# Interest rates

Examining team guidance on time apportioning

Several areas of the Financial Management syllabus, such as ‘explain and apply the characteristics and role of the principal money market instruments’ (section B3) and ‘hedging techniques for foreign currency’ and ‘interest rate risk’ (area G) require either annualising or short-term pro-rating of percentage figures. There are two alternative approaches for this and the approach chosen can affect calculations in questions in both of these areas of the Financial Management syllabus. The purpose of this article is to explain these approaches and clarify ACCA’s preferred approach.

EXAMPLE 1
The following question was published in the June 2019 examiner report

A listed company is to enter into a sale and repurchase agreement on the money market.

The company has agreed to sell \$10m of treasury bills for \$9.6m and will buy them back in 50 days' time for \$9.65m.

Assume a 365-day year.

What is the implicit annual interest rate in this transaction (to the nearest 0.01%)?
The alternative approaches can be summarised as follows:

METHOD 1
The percentage figure is multiplied by a fraction representing either the period to be pro-rated or the period which requires annualisation. This can be on either a daily or a monthly basis, depending on how the information is presented in the question.

The calculation using method 1 is as follows:

Increase in value = \$9.65m – \$9.6m = \$0.05m

As a percentage of the original value = \$0.05m/\$9.6m = 0.52%

Annualising this value = 0.52% x 365/50 = 3.80%.

The annualisation here, has been done by multiplying by the number of days in the year and dividing by the number of days in the period in the question. To annualise a figure for a monthly period, it would be necessary to multiply by the number of months in the year and divide by number of months in the period in the question eg x 12/5 for a five-month period.

Using a similar method, pro-rating an annual figure, such as using an annual interest rate to get a three-month interest rate, would involve multiplying by 3/12 (see example 2 below).

METHOD 2
The percentage figure is raised to the power of a fraction representing either the period to be pro-rated or the period which requires annualisation. This can also be on either a daily or a monthly basis.

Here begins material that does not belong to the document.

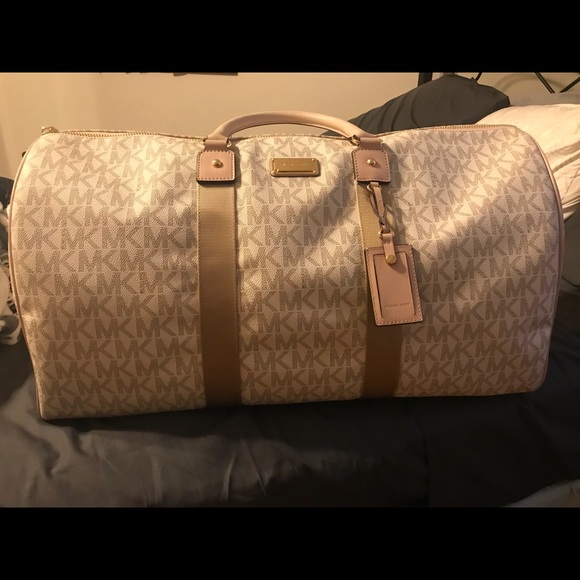 Michael Kors duffle - Picture 1 of 4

Using the same example, the calculation using method 2 is as follows:

Increase in value = \$9.65m – \$9.6m = \$0.05m

As a percentage of the original value = \$0.05m/\$9.6m = 0.52%

Annualising this value = (1 + 0.0052) ^ (365/50) – 1 = 3.86%.

EXAMPLE 2
For a further example considering money market hedging, the case Marigold, which was published in the Sept/Dec 2020 examiner report contains the following:

METHOD 1
Using method 1 the answer is as follows:

Borrowing rate pro-rated for three months = 4% x 3/12 = 1%

Amount to borrow = MS300,000 / 1.01 = MS297,030

Amount to deposit = MS297,030 / MS1.1250 = \$264,027

METHOD 2
Borrowing rate for three months = (1 + 0.04) ^ 3/12 – 1 = 0.99%

Amount to borrow = MS300,000 / 1.0099 = MS297,059

Amount to deposit = MS297,059 / MS1.1250 = \$264,052

#### Advice to candidates

Apart from risk management calculations, the advice from the examining team is to use method 2 in all areas of the FM syllabus since, strictly speaking, this is the technically correct method for annualising interest rates even though, in certain instances, method 1 can provide a useful approximation.

However, all questions involving risk management calculations in the Financial Management exam will be assessed using method 1 because this is simpler and will take less time than method 2.